Recycling curbs disease, brings jobs

posted in: Africa, Ghana, global | 0

Sister Comfort Arthur, CSC, is responding to the urgent crisis of plastic waste that clogs drainage systems, accelerates the spread of deadly water-borne disease and pollutes the environment in Ghana, West Africa. The Plastic Waste Recycling Program, initiated by Sister Comfort, engages local citizens in the clean-up effort while providing jobs to the poor and unemployed.

“This project reads the signs of the time that include both economic inequality and plastic waste overrunning our common home, and responds to both as a prophetic witness to the Gospel call to build just and caring communities,” said Sister Comfort of the program that was piloted in November 2017.

In Ghana, like elsewhere throughout the world, the increased use of plastics has resulted in serious environmental harm. Industry estimates suggest plastic use in Africa has increased 150 percent over the past six years. Only 2 percent of plastic waste is recycled, according to the Accra, Ghana, non-profit Trashy Bags. The discarded plastic clogs local water drainage systems that are critical during heavy rains. These clogged drains result in standing water and increase the spread of deadly diseases such as malaria.

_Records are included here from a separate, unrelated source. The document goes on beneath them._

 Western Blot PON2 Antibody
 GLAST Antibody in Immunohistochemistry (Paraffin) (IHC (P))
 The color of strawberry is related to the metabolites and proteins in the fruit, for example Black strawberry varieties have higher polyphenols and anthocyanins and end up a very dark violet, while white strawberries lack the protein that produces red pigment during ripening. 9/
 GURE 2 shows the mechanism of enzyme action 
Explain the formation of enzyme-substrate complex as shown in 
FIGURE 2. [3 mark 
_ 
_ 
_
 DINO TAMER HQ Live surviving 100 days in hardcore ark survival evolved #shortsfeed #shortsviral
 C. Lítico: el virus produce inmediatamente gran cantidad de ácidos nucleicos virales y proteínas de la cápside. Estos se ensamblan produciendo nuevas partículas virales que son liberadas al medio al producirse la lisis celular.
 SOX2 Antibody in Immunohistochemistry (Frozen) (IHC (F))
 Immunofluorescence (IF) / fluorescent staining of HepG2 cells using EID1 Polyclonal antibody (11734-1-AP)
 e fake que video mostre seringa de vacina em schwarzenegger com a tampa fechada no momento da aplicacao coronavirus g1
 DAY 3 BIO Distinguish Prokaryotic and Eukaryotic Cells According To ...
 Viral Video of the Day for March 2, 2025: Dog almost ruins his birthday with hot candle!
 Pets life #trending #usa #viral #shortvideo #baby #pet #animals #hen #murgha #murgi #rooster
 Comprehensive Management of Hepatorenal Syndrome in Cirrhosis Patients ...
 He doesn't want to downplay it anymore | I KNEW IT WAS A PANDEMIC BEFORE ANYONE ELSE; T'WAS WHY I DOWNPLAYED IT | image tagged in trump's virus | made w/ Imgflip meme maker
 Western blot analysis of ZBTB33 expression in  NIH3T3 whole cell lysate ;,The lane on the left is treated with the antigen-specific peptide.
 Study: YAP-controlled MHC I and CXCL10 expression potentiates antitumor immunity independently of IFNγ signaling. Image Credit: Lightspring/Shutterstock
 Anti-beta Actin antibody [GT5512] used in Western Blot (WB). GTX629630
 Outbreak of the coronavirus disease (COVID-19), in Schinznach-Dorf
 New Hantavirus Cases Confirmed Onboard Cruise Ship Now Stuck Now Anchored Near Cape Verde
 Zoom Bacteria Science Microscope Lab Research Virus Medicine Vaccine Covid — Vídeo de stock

The Plastic Waste Recycling Program started with the collecting of discarded water sachet bags. (The sachet bags, used to hold drinking water, are popular in Ghana as they are less expensive than bottles of water.) Collected bags are sent to recycling centers that use the materials to make other items such as buckets. The centers pay the program for materials collected and the revenue is then distributed to local citizens who aid in the collection of discarded plastic.

The Plastic Waste Recycling Program hopes to expand its operation and engage local citizens in Kasoa, Ghana, in the cleanup of streets and waterways, and in proper recycling practices. The program received financial support through a Ministry With the Poor Fund grant in 2018-19. In November 2018, the program received a grant from the Dodds Family Charitable Foundation to purchase necessary equipment for volunteers and items to encourage increased participation by local residents.